Does OpenAI ToS prohibit generating datasets for open source LLMs?

Divniy@alien.top · 1 year ago

Does OpenAI ToS prohibit generating datasets for open source LLMs?

mcmoose1900@alien.top · 1 year ago

Well its ML land. No one cares! Just drop your paper and move on!

If OpenAI paid their license violation debt over their history, they would probably fold. And they’re above average.

Wise-Paramedic-4536@alien.top · 1 year ago

This is just so messed up! OpenAI trains their models without asking anyone, and then has the nerve to shut down others trying to do the same. Total hypocrisy, right? Ugh, frustrating as heck!

AdamEgrate@alien.top · 1 year ago

Yeah. They want people to believe that if it’s made by a human it is fair use for training models, but it’s it’s made by an AI it’s not.

9wR8xO@alien.top · 1 year ago

This is vague on purpose. Lets assume that someone makes 7B model on pair of GPT-4 using OAI output as training data then it will be valid most likely during some lawsuit. It can run on almost any devices, even phones so it might be used by people with weak PCs instead of GPT-4.

If someone uses OAI output to make 120B model that is worse than GPT-3.5 then it will not apply.

So it all depends on the circumstances. The broader the ToS the better they can protect their business. The most important aspect is most likely that someone uses OAI data to train own model and then use it commercially to make money.

Trollolo80@alien.top · 1 year ago

Eh, fuck them. They use other datas for the creation of their model, one they themselves probably do not have ownership of, fucking greedy assholes

gthing@alien.top · 1 year ago

This is like Elon saying we should all stop training LLM’s while placing an order for 10,000 GPUs.

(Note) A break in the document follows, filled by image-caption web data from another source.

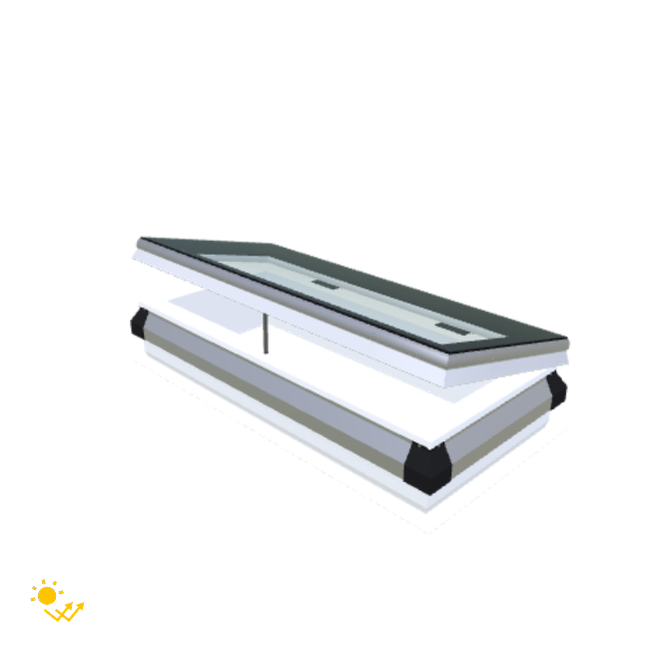 Skylux-iWindow Solar Powered - Opening Flat Roof Window - Complete Set 40x100 cm-1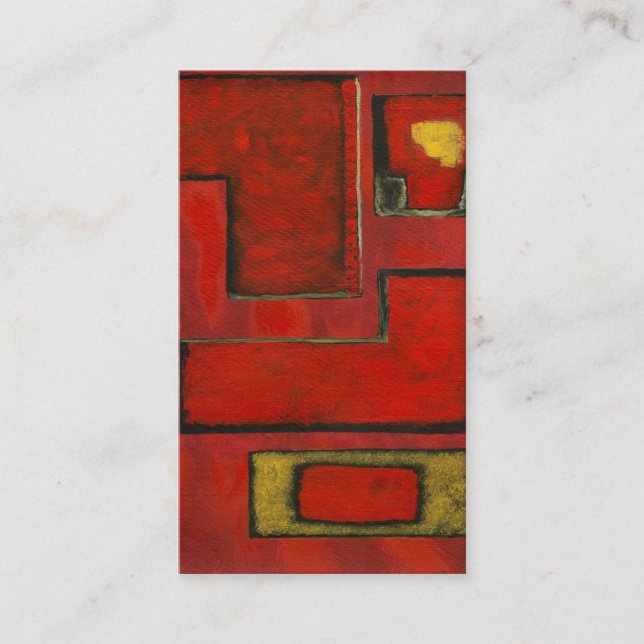 Detached Abstract Geometric Art Red Black Painting Business Card (Front)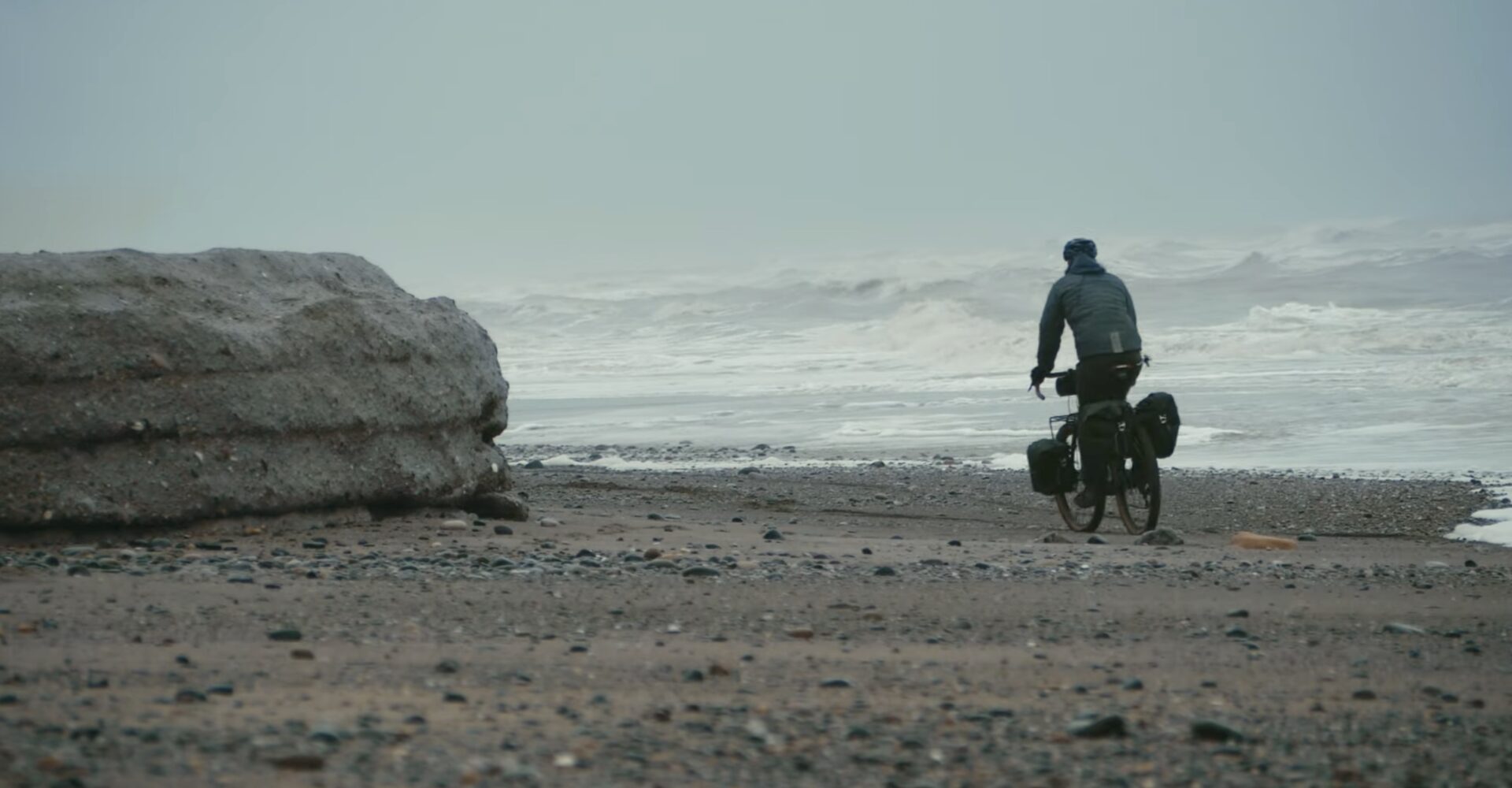 Biker on the beach
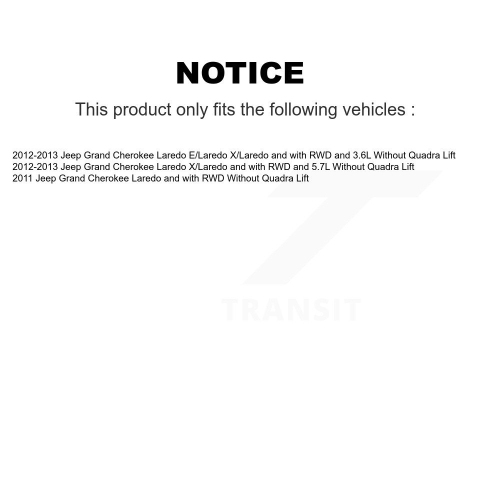 Front Left Shock Assembly And TOR Link Kit For Jeep Grand Cherokee Without Quadra Lift KSS-105410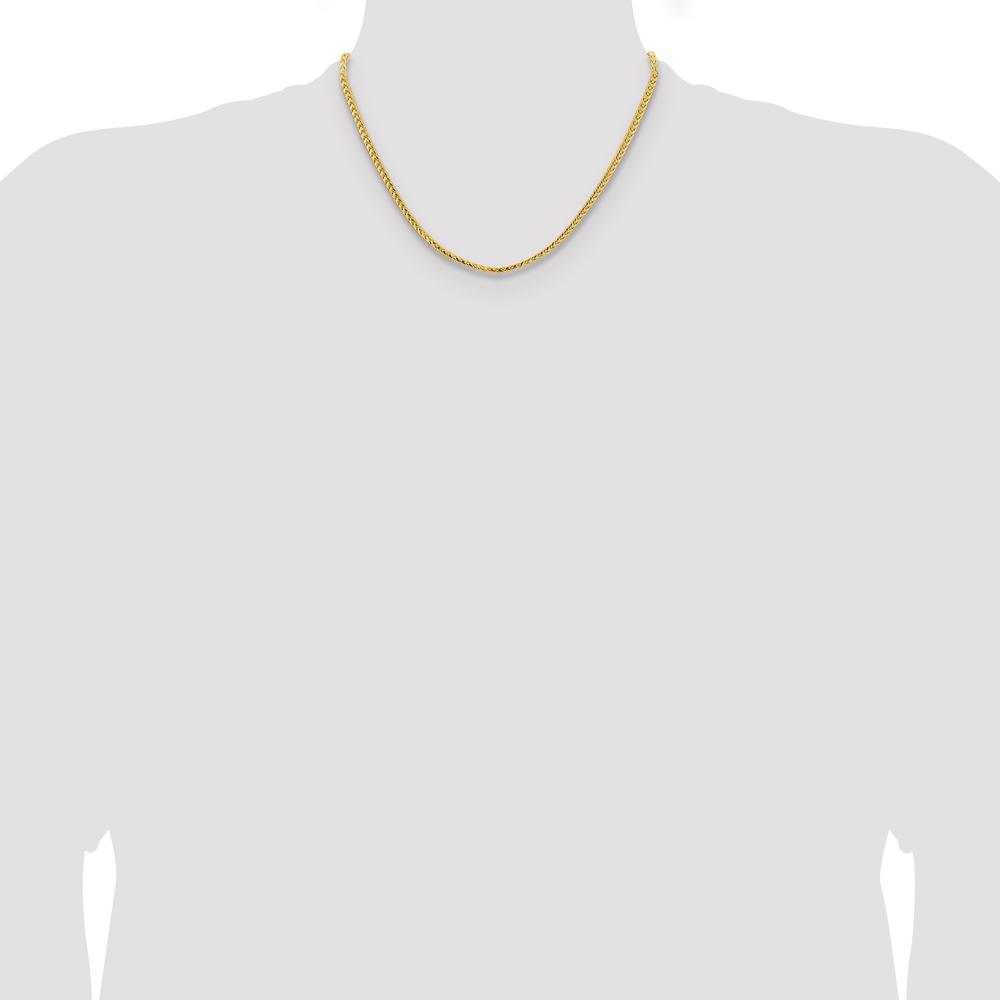 Diamond2Deal 14K Yellow Gold 3mm Franco Chain Necklace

“It would be great for me if you wouldn’t do this.”

VancityGaming@alien.top · 1 year ago

What if you develop a model for personal use and it gets leaked?

mrdevlar@alien.top · 1 year ago

You scrape everything without asking for consent and then people use your outputs without your consent.

Shocked Pikachu Face

Nathanielmhld@alien.top · 1 year ago

It’s actually pretty permissive, even in the language they use here in the ToS. By the time any model someone builds is actually competitive directly with OpenAI… it’ll be too late for them to stop you. Plus most people aren’t building models to create just a chatGPT clone.

IamFuckinTomato@alien.top · 1 year ago

Does mistral also have something like this in their ToS.

I’m planning on using mistral generated data to fine-tune a model.